Darin Clark, CPA and district clerk-treasurer, said the
budget consisted of four governmental fund types: general
fund, special revenue fund, debt service fund and capital
projects fund.
"The General Fund accounts for financial resources in use
for general types of operations such as maintenance and
regular operations," said Clark.
Clark said the general fund was approximately 4.1 percent
greater than the prior year's budget.
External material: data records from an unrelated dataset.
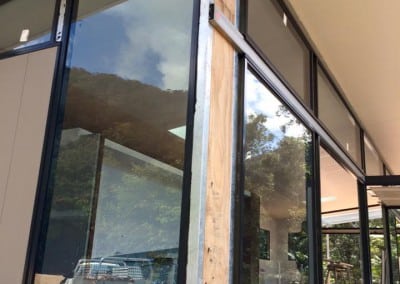 Cabins at Crystal Creek by Vast Constructions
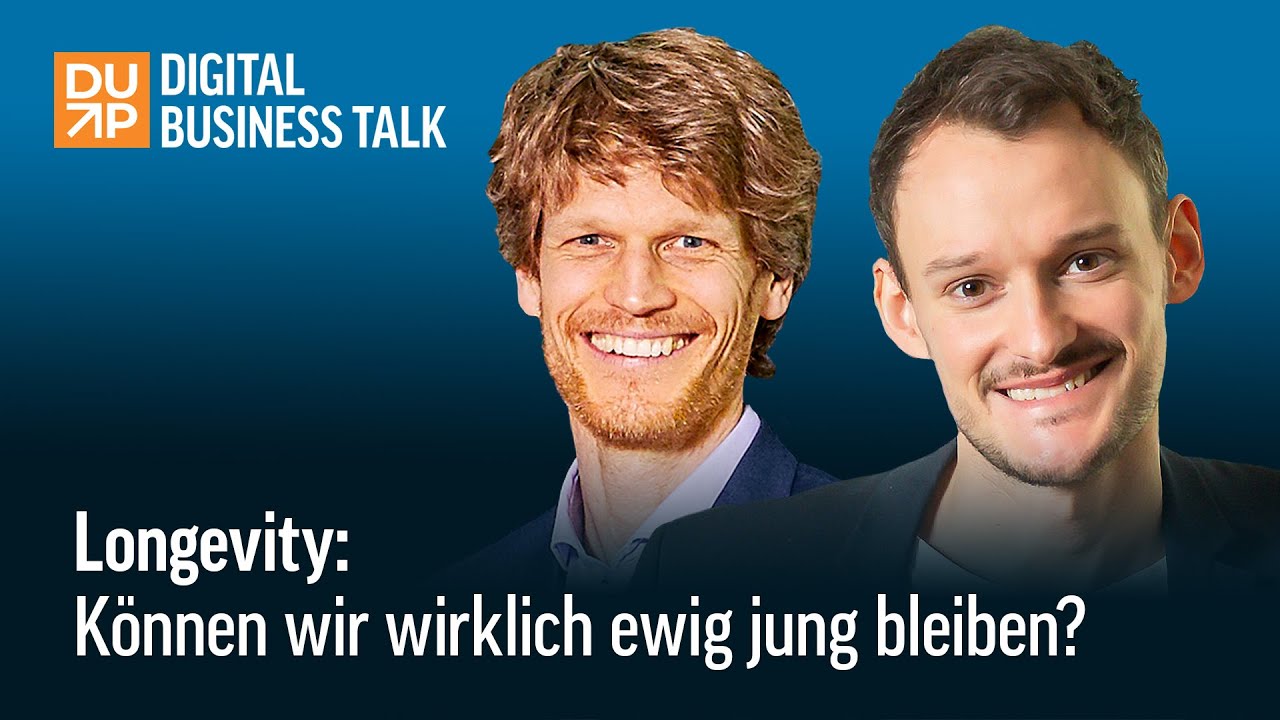 Longevity: Können wir wirklich ewig jung bleiben?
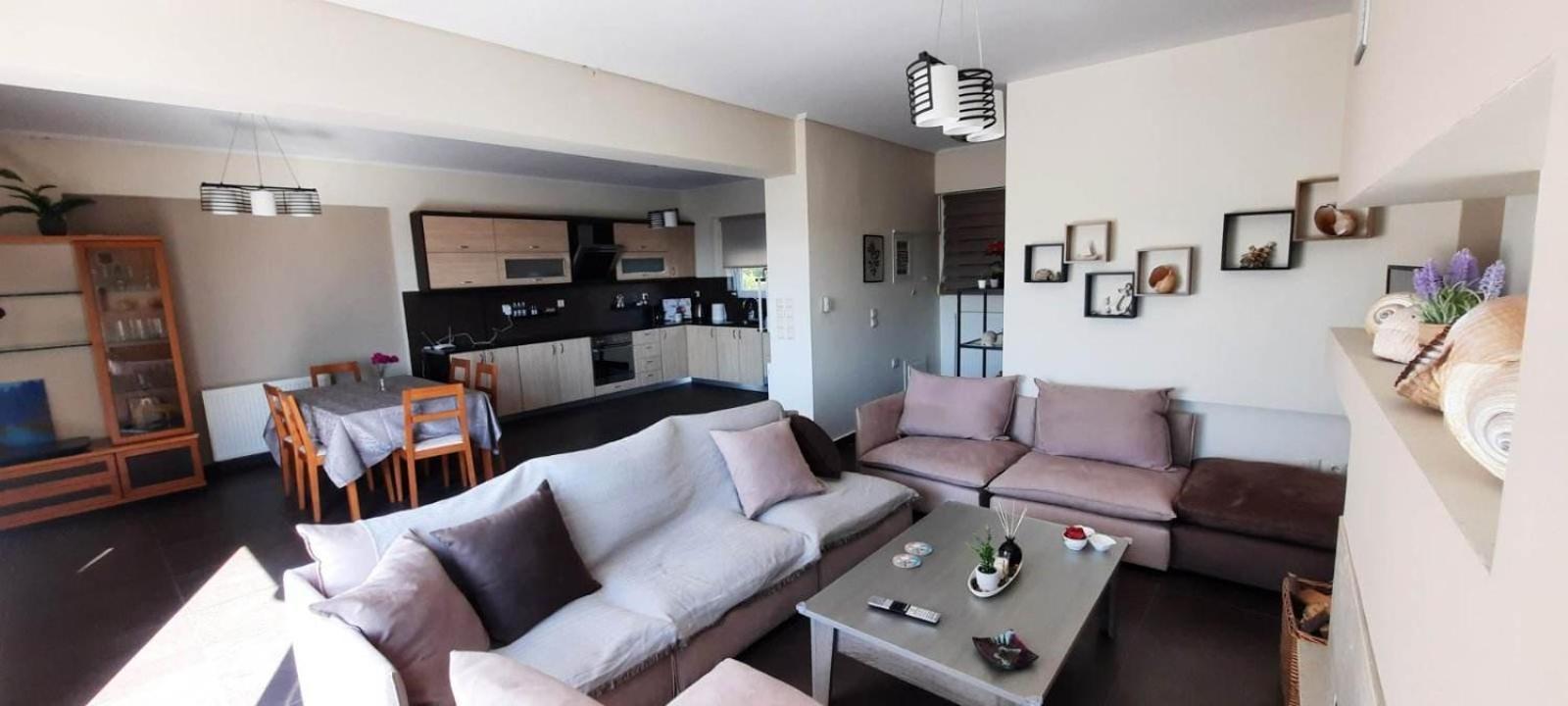 Petros House Artemis - Near The Airport Βίλα Εξωτερικό φωτογραφία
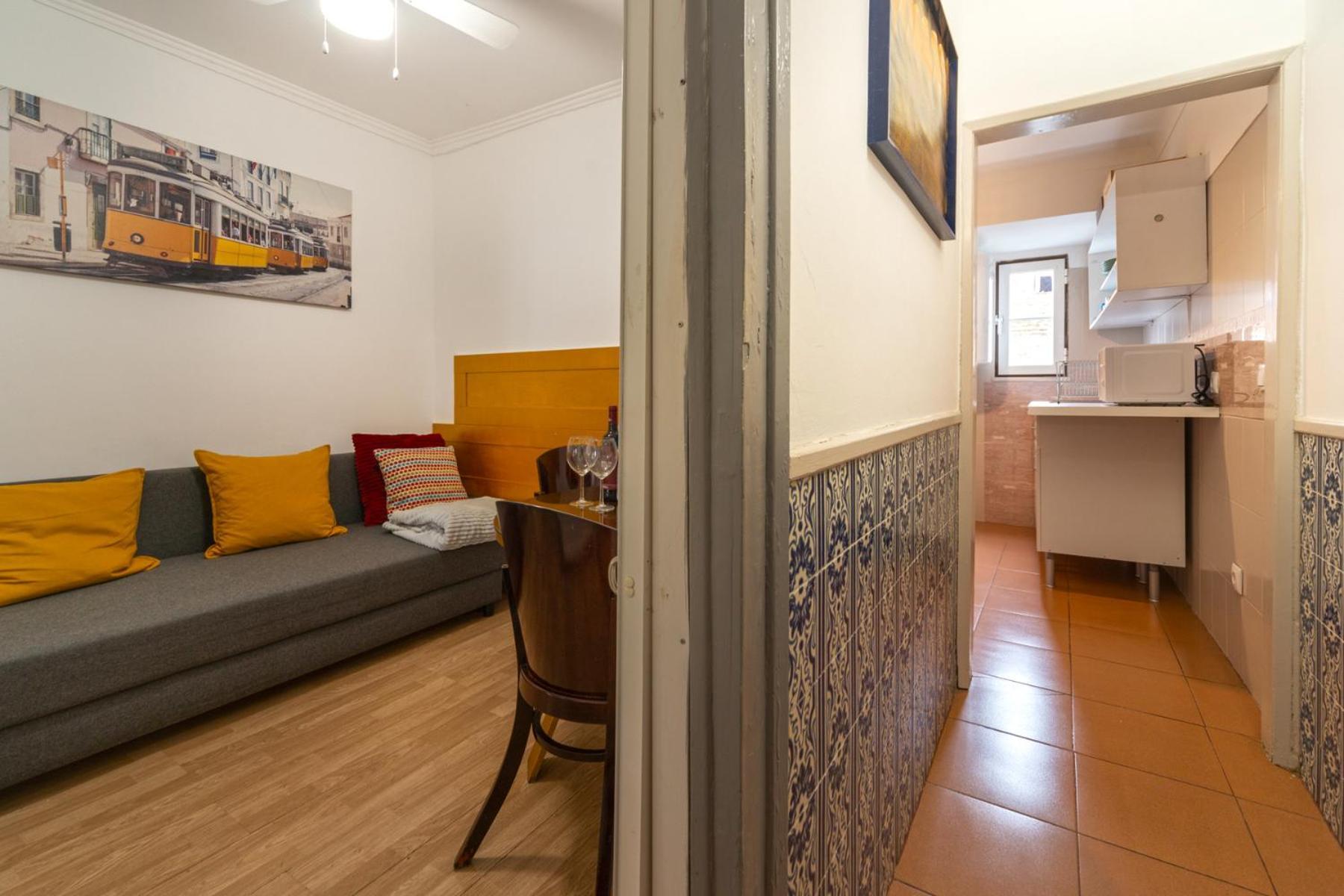 In Bairro Alto 3 - Charm Lissabon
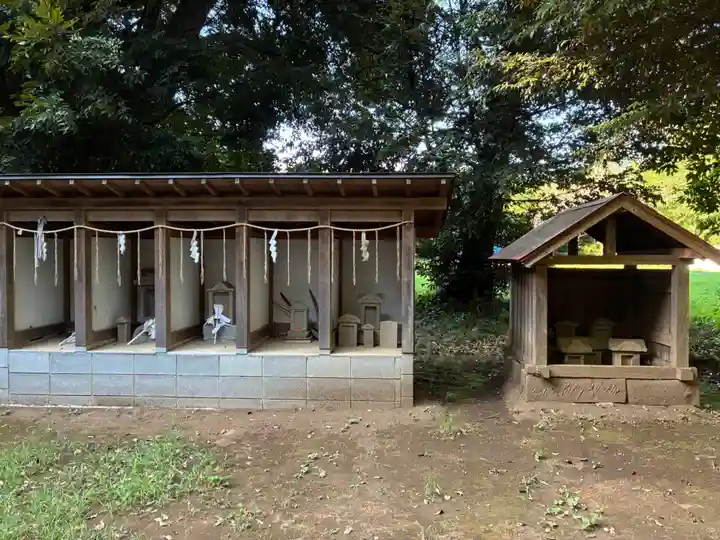 四所神社(千葉県)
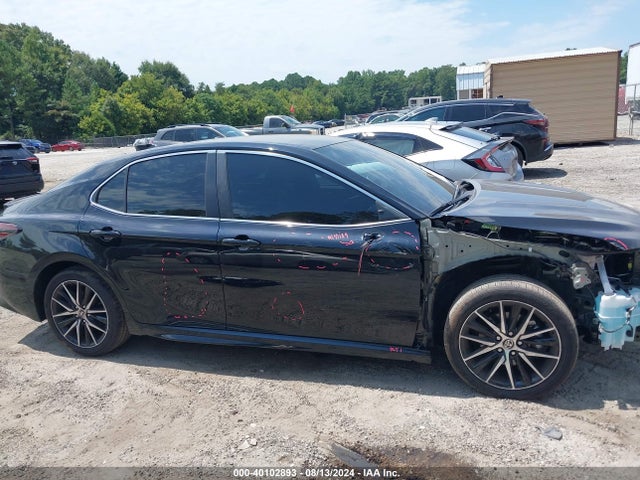 Toyota CAMRY SE 2024 4T1G11AK4RU885788 Image 13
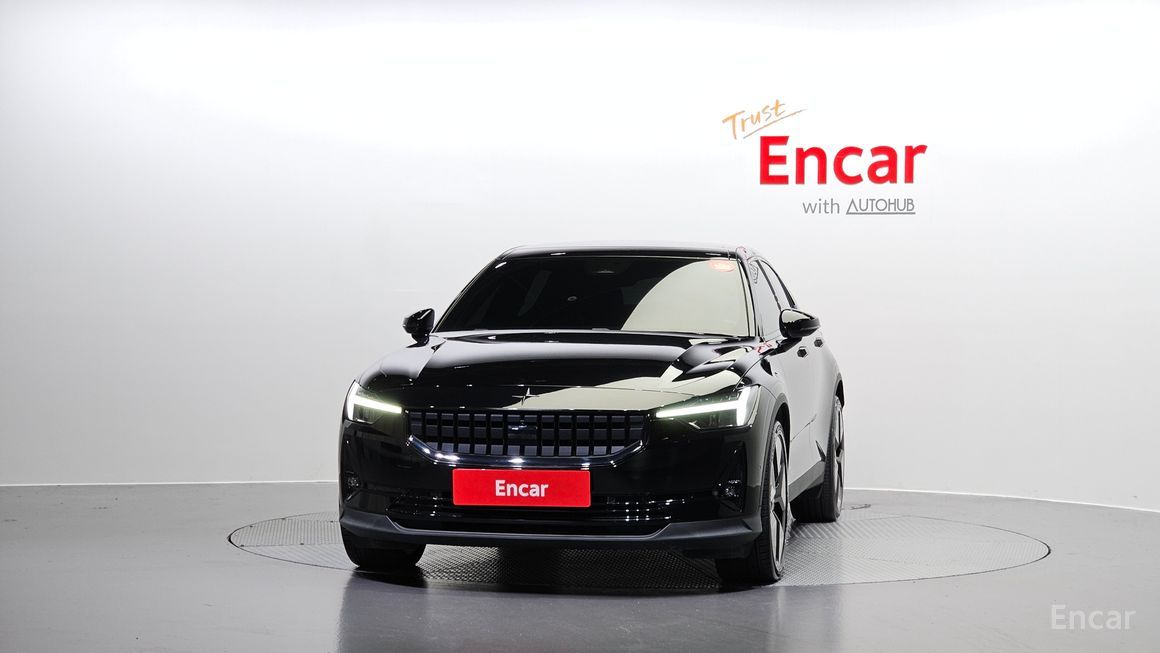 Polestar 2 - фото 2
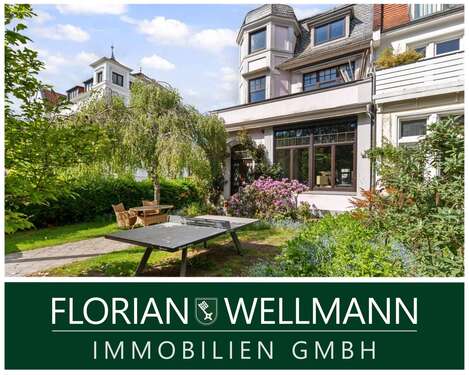 Foto - Haus zum Kaufen in Bremen 999.000,00 € 272.16 m²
The state legislature,
in the 2000 session, approved an increase of 4.5 percent in
the weighted pupil unit&emdash;the basic education funding
unit in the state.
A decrease in enrollment and budget cuts in other
programs led to a less than the 4.5 percent increase
approved by the legislature.
"The education of students is a labor-intensive
enterprise that is reflected in personnel costs," he said.
"Instruction is the biggest expenditure and represents 85
percent of that budget."
He said salaries and fringe benefits are budgeted to
consume the largest amount of the money in the general fund
which is where funds for maintenance and operations of
schools comes from.
Health care for the district staff is a large expenditure
in the general fund. An increase in insurance costs is the
largest chunk of the fund, therefore, has a large impact on
the budget. Over the last two years, district health
insurance cots have increased by 40 percent, or
approximately $250,000.
In addition to these costs, transitional costs for
utilities, maintenance, and other expenses involved in the
operation of the new high school are projected to be
approximately $240,000.
If all other expenditures in the budget were held static,
including no cost of living adjustment in salaries and
wages, the district has a need for additional funding of
approximately $490,000.
In 1999-2000, the district joined with 11 other school
districts in forming a new health insurance pool that, in
the opinion of the board, should help minimize the increase
in health insurance costs in the future.
The district must, by state law, balance the budget but
doesn't have the funding to do so and would face a
significant shortfall.
"Unfortunately, the increase in state funding over the
last two years has not been adequate to cover needs," said
Clark. "Last year, the district was able to handle this fund
issue through the use of district reserves, the use of a
transfer of 10 percent of basic funds from the district
capital outlay levy as allowed by state statute and by
making budget cut in areas of the budget that have the least
impact on instruction."
Clark said the district needs to receive additional
revenue or cut the current level of services. After
receiving public input, the board decided to avoid making
any budget cuts that would impact the classroom.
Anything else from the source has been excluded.